Wenn du einen Tag lang in deiner eigenen Geschichte verbringen könntest? Was würdest du gerne erleben?
Ich würde gerne selbst einmal versuchen, den Wind zu reiten.
Wie viel Einfluss hattest du bei der Mitgestaltung des Covers zu „Der Herr der wilden Jagd“?
Einiges. Den ersten Entwurf hatten wir zum Beispiel abgelehnt. Außerdem haben wir mit Anna intensiv Brainstorming betrieben, Vorschläge gemacht und dann auch quasi “editiert”. Außerdem stammt das Bild innerhalb des Herzens aus meiner Bildersuche. Die große Schwierigkeit war es tatsächlich, ein Cover zu finden, dass bei mir Naturromantik und bei Tina Urban Fantasy ausdrückt, deshalb mussten wir auch einige Kompromisse eingehen. Ein Einzelcover hätte tatsächlich wohl ganz anders ausgesehen und hätte womöglich auch auf die Personen verzichten können.
Wie sind die Protagonisten entstanden? Gab es für sie eine Vorlage oder haben sie während des Schreibens einen freien Willen entwickelt? Und haben die Namen eine bestimmte Bedeutung?
Sie sind aus der Vorlage entstanden: Brüderchen, Schwesterchen und der König. Vermischt mit der Wilden Jagd aus Wales mit Arawn und Matilda. Arawn stammt daher direkt aus der walisischen Mythologie.

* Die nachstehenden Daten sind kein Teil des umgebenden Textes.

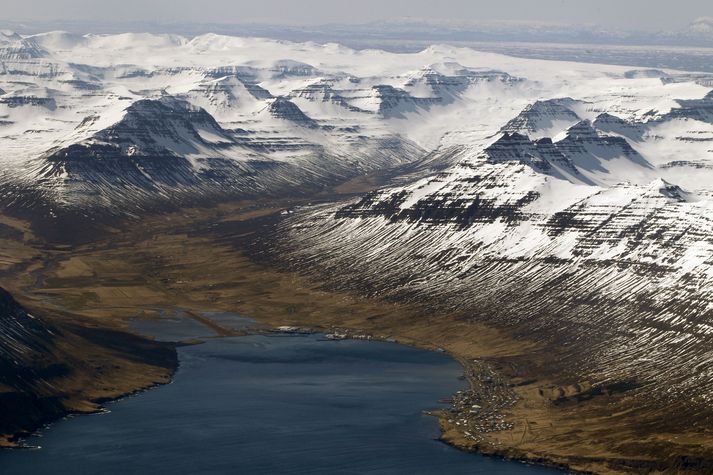 Flugvöllurinn í Norðfirði er við botn fjarðarins.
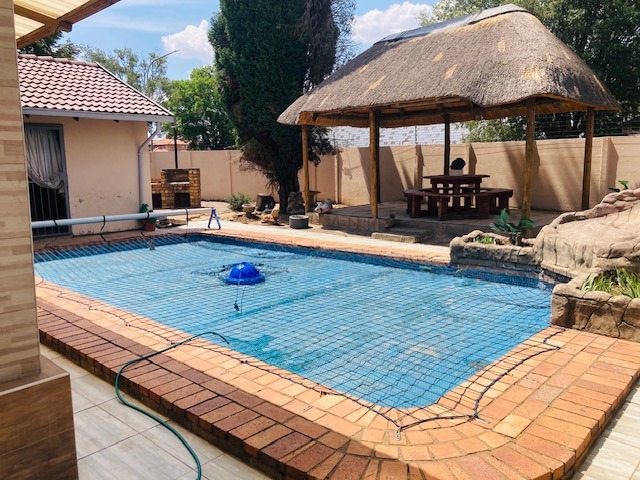 10 Bedroom Property for Sale in Dalpark Gauteng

Bei den anderen beiden habe ich walisische Namen recherchiert. Dylan ist einfach so gewählt worden, aber als ich Carys gesehen habe, musste es der sein. Caris war nämlich lange Zeit mein Onlinename, nach Barbara Hambly’s (Stonne) Caris.
Was war bei „Der Herr der wilden Jagd“ die größte Herausforderung?

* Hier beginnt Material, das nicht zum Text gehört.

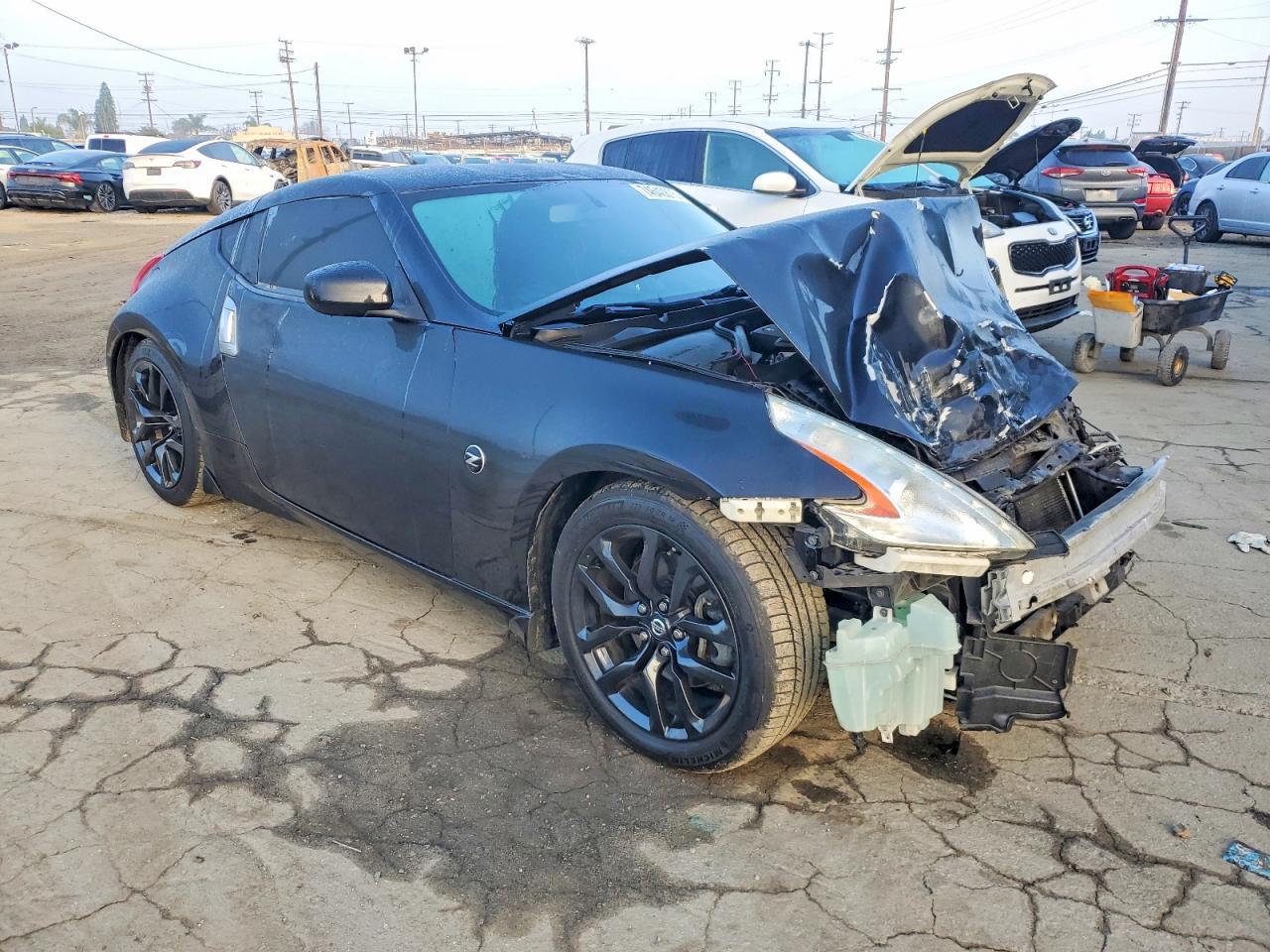 2016 Nissan 370Z Base - zdjęcie 4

Mit Sicherheit Dylans Autismus so darzustellen, dass er realistisch ist, keine Allgemeingültigkeit für sich beansprucht und mit seiner Darstellung keine realen Autisten verletzt. Deshalb war es mir auch wichtig, eine autistische Testleserin mit dabei zu haben.
Wie lange hat es gedauert von der Idee bis zum fertigen Buch? Was gehörte neben dem Schreiben noch alles vor allem an Zusammenarbeit dazu bis es zur Veröffentlichung kam?
Etwas über zwei Jahre würde ich sagen. Die Idee hatte ich ja quasi direkt nach Im Bann der zertanzten Schuhe. Dann habe ich lange nichts damit gemacht, dann kam die Reiheneinladung, das Planen und das Schreiben. Überarbeiten, viel Wartezeit, in der der Verlag kollabierte und schließlich das selber in die Hand nehmen, lektorieren, Cover, korrigieren, Buchsatz, Marketing.
Welches ist dein Lieblingszitat oder deine Lieblingsstelle aus „Der Herr der wilden Jagd“?
Meine Lieblingsstelle ist Carys’ erste Jagd, bzw. der Kuss am Rand des Abgrunds. Da hatte ich gleich Bilder und Emotionen im Kopf. Mein Lieblingszitat ist aber von Matilda, wenn sie Carys sagt: “Du bist nur eine Blume, der sein Sturm die Blätter vom Leib reißt.” Ich freue mich immer, wenn Metaphern gelingen 😀
Wie dürfen wir uns deinen Arbeitsplatz vorstellen? Herrscht dort eher das „Kreative Chaos“ oder steht alles an seinem Platz und ist perfekt durchorganisiert?
Ich räume hin und wieder auf und dann stapeln sich die Notizbücher, Zettel, Tassen etc. doch schnell wieder. Inzwischen habe ich einen zweiten Tisch, der eigentlich zum Zeichnen ist, damit man nicht immer Tastatur etc. wegräumen muss, aber wenn ich da gerade so rüber sehe, ist vielleicht Platz für ein Post-it.
Kannst du uns schon verraten welche Projekte für die Zukunft geplant sind?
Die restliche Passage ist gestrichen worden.